I’ve been through enough years of the ‘find a vanilla partner and convert them’ technique, to know that ultimately, it isn’t fulfilling. It’s a last resort, not a master plan.

February 13, 2008

We are all individuals! We are all different!

Filed under: boyfriend, childhood, me, stockings, strap-on — lorelin @ 12:36 pm

When I first found kink on the internet, it seemed as if it opened up a whole new world of People Like Me. Outside of those whispers with my childhood friend, I’d been pretty much alone. I’d had slightly kinky boyfriends, of course, but none of them went as far as me. It was rather to exciting to find that there were people out there who felt the way I did, and to meet them in real life and to be able to talk about this forbidden stuff.

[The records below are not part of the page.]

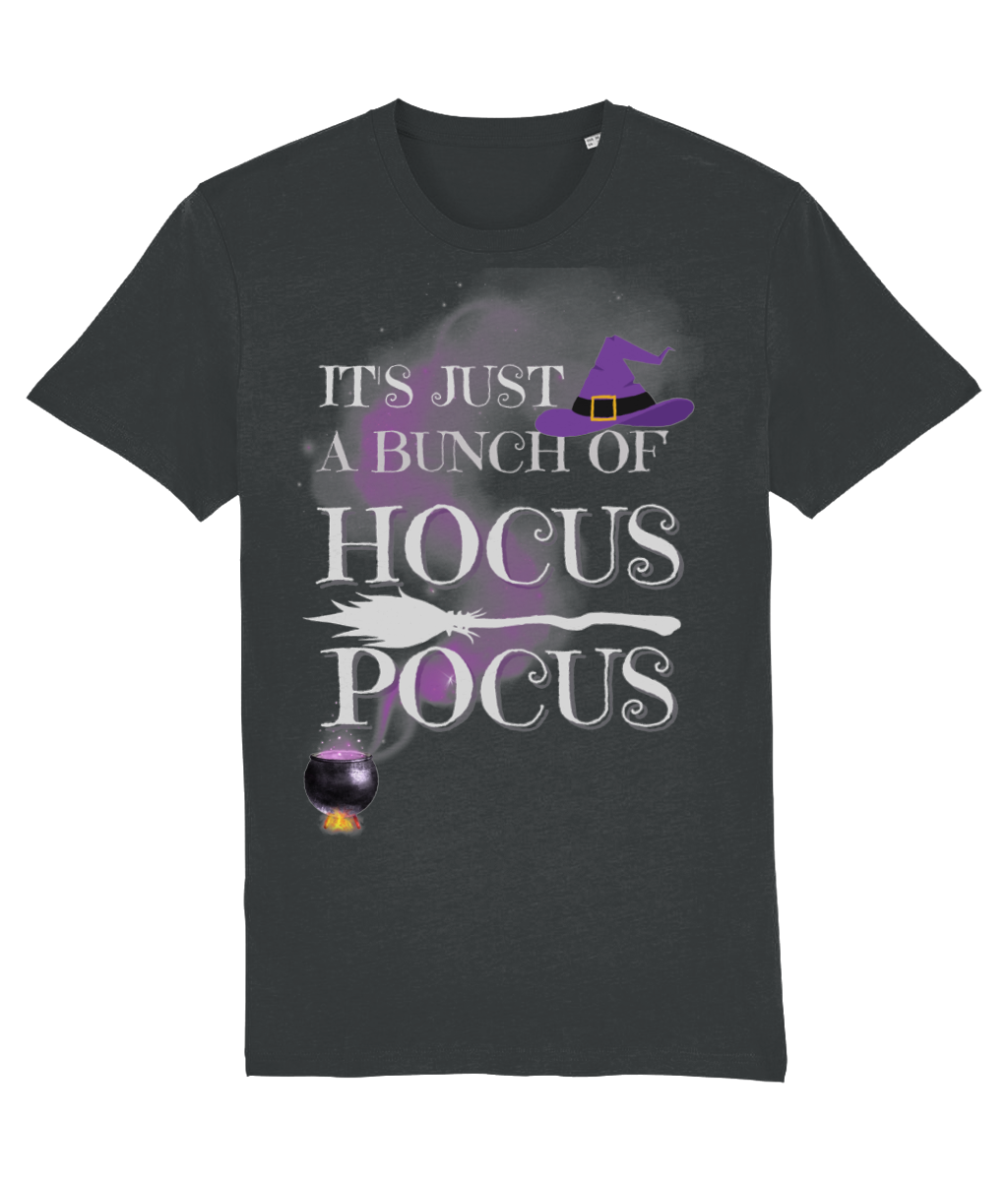 It's just a bunch of Hocus Pocus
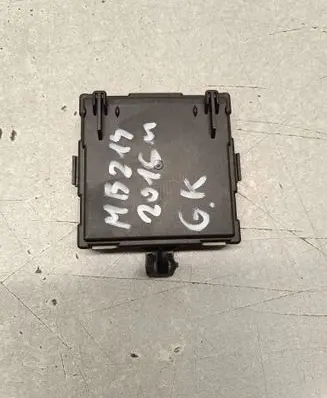 Mercedes-Benz E W213 Door control unit/module A2139004709 A2139012900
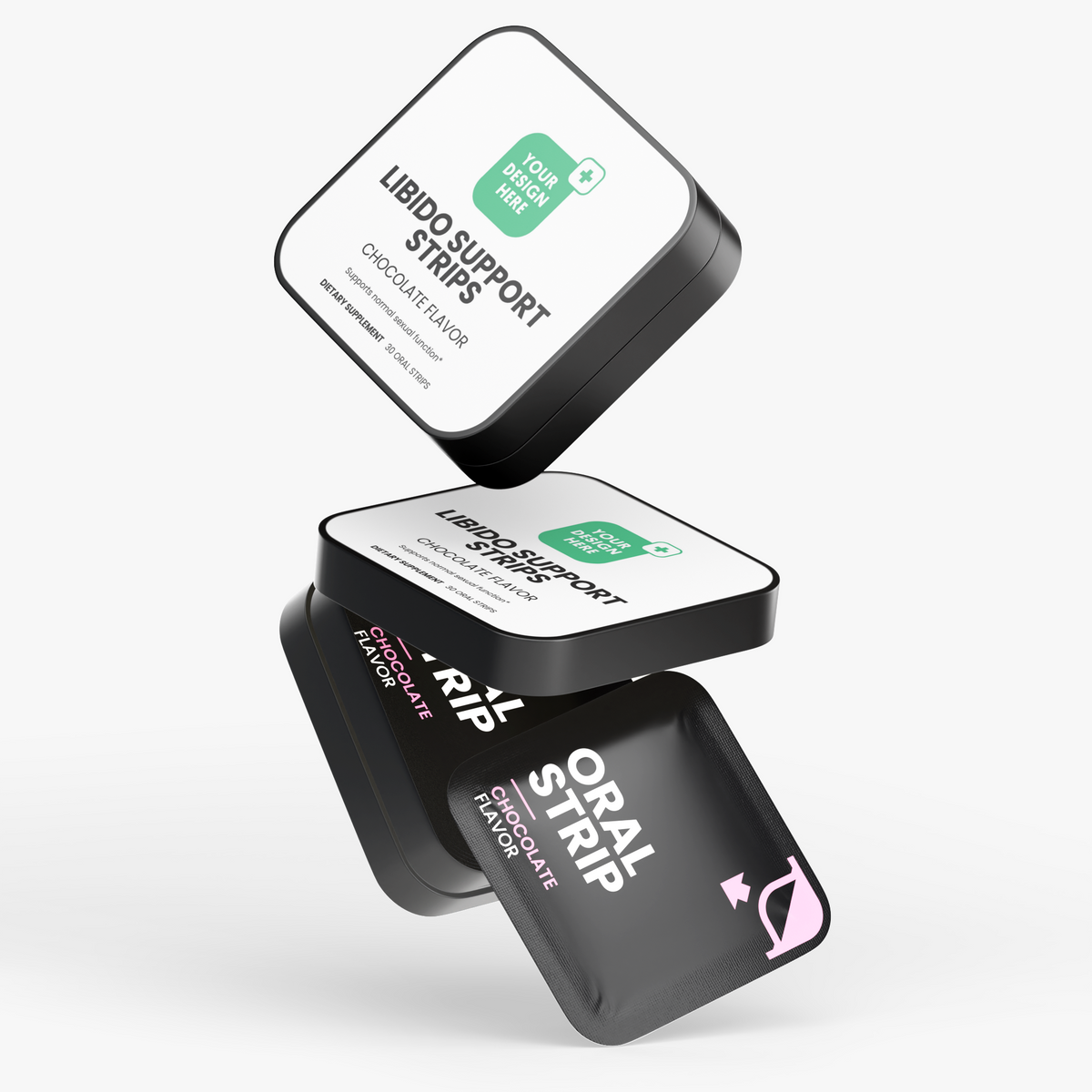 Libido Support Strips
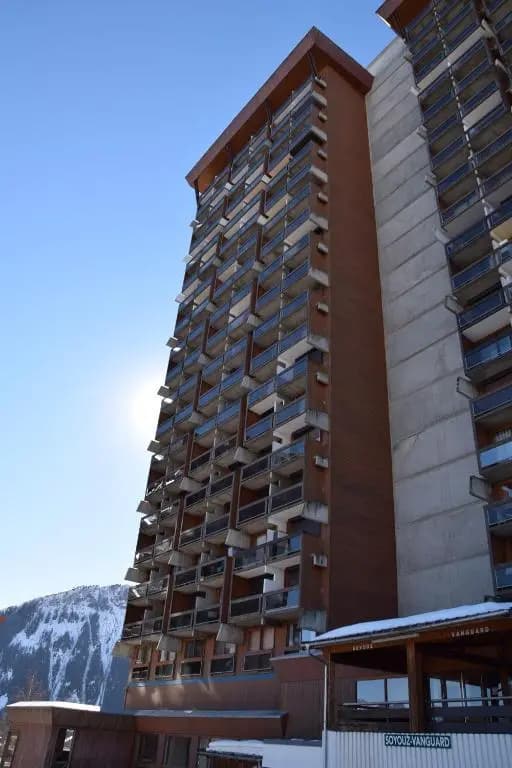 Appartement Studio rénové le Corbier 4 personnes 22m2 domaine les Sybelles Classé 2 étoiles label qualité le corbier - Pho...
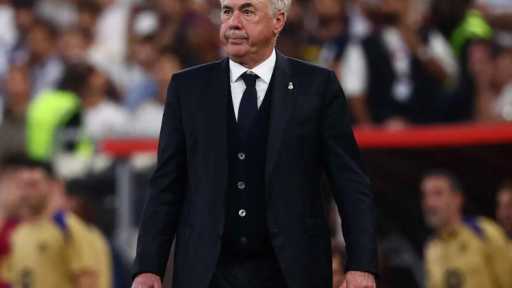 توتر في ريال مدريد.. أنشيلوتي...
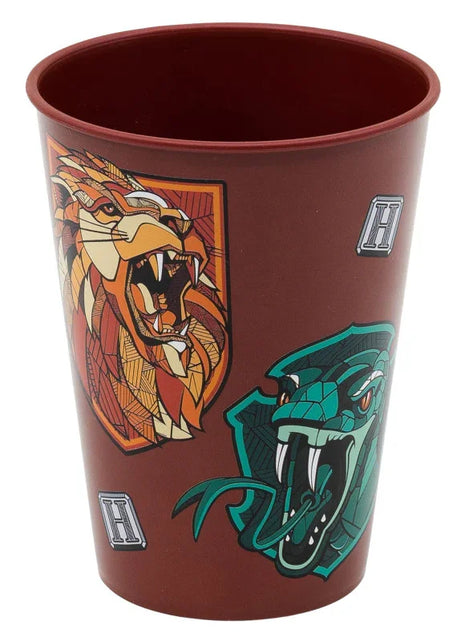 Harry Potter School Shields műanyag pohár 260 ml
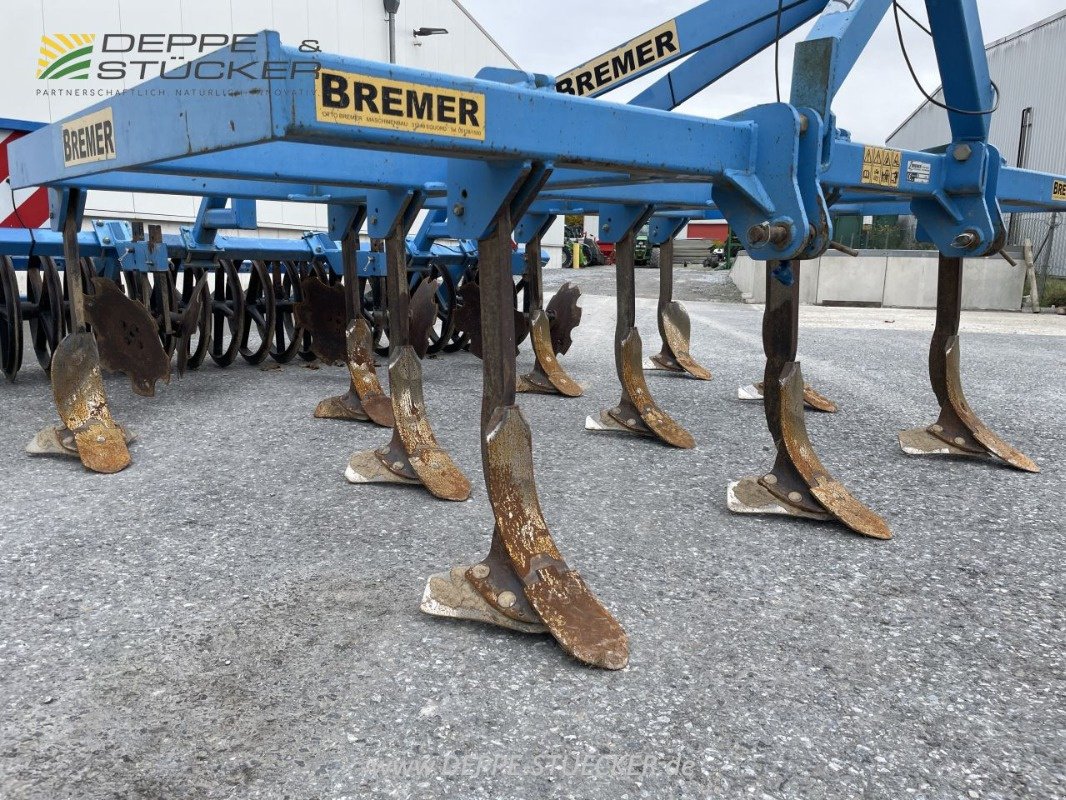 Grubber tip Bremer Maschinenbau Grubber 3m, Gebrauchtmaschine in Rietberg (Poză 2)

But several years later, I’m finding that I still haven’t met anyone who is exactly like me, sexually. I’ve recently got back into reading people’s weblogs, and I’m finding I’m a bit of an oddity. Maybe it’s not just me, maybe we all are. Maybe our kinks are so individual, that it’s unlikely we’ll come across anyone who is exactly the same.

So what’s so special about me? What sparked this post off today was reading the latest instalment of Bitchy Jones’s diary. I love reading her posts, and very much agree with her idea that ‘femdom’ is misrepresented. When she describes what it feels like to hit a man, I feel so glad that somebody else can explain how sexy and compelling this thing is. But then I read about her opinion on stockings and strapons, and realise that I’m out on my own again. Yes, only men are supposed to like stockings. But my stocking fetish goes right back to childhood, and there’s nothing I can do about it. Recently I’ve been reading some posts about humiliation, and again, I’m reminded that nobody feels quite like me.

This is why it’s impossible for me to leave my boyfriend (I still haven’t thought of a name for him), of course. We don’t have exactly the same kinks, but we’re so close that it works very well. It’s more than that: he understands and doesn’t question my kinks. There’s no ‘why on earth would you be into that?’. I could have ended up with somebody who liked being hit, but didn’t like the other stuff I like. I say ‘like’ as if these things are mild preferences, when in fact they are more like cravings, obsessions, compulsions.

And that’s the huge challenge for kinky people, isn’t it? Finding somebody who is compatible enough, sexually, to practice our kinks with. (If they’re compatible as a partner in other ways, we must treat them like the precious rarity that they are and never let them go!). Nice as it would be to have someone other than your lover understand you, it’s probably too much to expect to find friends, acquaintances and fellow bloggers with exactly the same kinks too.